By Sam Laird

On Election Day Nov. 7, as Colorado, Tennessee, and several other states voted to ban same-sex marriage, the Santa Cruz City Council made a statement for marriage equality.
The City Council voted unanimously to officially back San Francisco’s drive to legalize same-sex marriage in California, in a special meeting that may have been the briefest meeting the Council has ever conducted. Councilman Ryan Coonerty arrived only eight minutes late to find the meeting had already adjourned.
"Santa Cruz city leaders have always been extremely supportive of gay rights," Mayor Cynthia Matthews told City on a Hill Press (CHP) after the meeting.
In March of 2000, California voters adopted an initiative that added to the California Family Code: "Only marriage between a man and a woman is valid or recognized in California."

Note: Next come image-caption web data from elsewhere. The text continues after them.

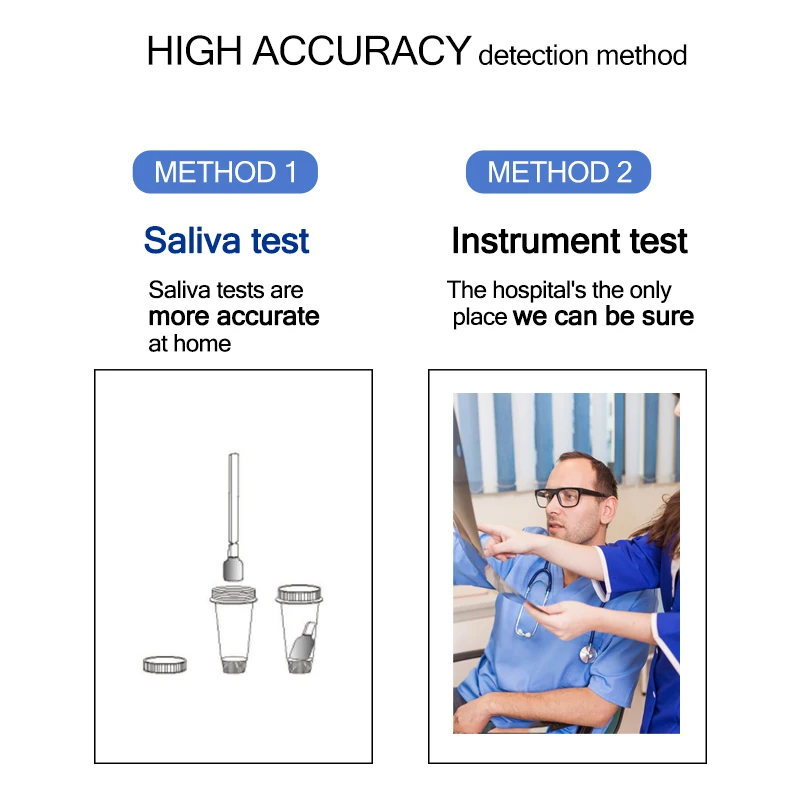 Жидкий HIV1/2 антитело экранный тест домашний слюнявчик полоски набор для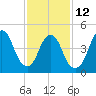 Motts Basin tide chart for Sunday, February 12, 2023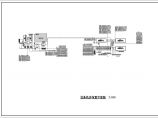 [重庆]36713㎡二十三层住院楼及办公配套用房空调通风排烟系统施工图图片1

San Francisco officials responded in 2004 by issuing some 4,000 marriage licenses to gay couples, a decision that was subsequently challenged in court. Two trials later, a decision by a California appeals court upheld laws limiting marriage to heterosexual couples.
San Francisco submitted the case for review to the California Supreme Court on Nov. 14, and asked for help from other cities around the state, including Santa Cruz, Berkeley, and West Hollywood.
The Santa Cruz City Council’s decision to throw their support behind San Francisco’s appeal was acclaimed by those who attended the meeting.
"Thank you on behalf of the 10,000 gays and lesbians in Santa Cruz County who don’t have the right to be married," said Amy Wirth, Executive Director of the Diversity Center, during the meeting’s public comment period.
Merrie Schaller, Co-Chair of the Gay Lesbian Bisexual Transgender (GLBT) Alliance of Santa Cruz County, was equally pleased with the council’s decision.
"This is a really good place to live," Schaller told CHP. "On a day when several states are actually voting to write inequality into their constitutions, Santa Cruz is standing up for its queer residents."
But the Council’s decision was not warmly received everywhere.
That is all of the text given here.